<<<<
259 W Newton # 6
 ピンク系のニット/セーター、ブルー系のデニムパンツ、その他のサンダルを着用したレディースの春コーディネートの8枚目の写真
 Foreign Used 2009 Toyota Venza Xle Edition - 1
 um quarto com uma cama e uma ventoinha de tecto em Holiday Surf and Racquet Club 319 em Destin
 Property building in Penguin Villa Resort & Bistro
>>>>
**What to do**
If a line appears above, it belongs in your answer, printed exactly.

**Solution below**
259 W Newton # 6
 ピンク系のニット/セーター、ブルー系のデニムパンツ、その他のサンダルを着用したレディースの春コーディネートの8枚目の写真
 Foreign Used 2009 Toyota Venza Xle Edition - 1
 um quarto com uma cama e uma ventoinha de tecto em Holiday Surf and Racquet Club 319 em Destin
 Property building in Penguin Villa Resort & Bistro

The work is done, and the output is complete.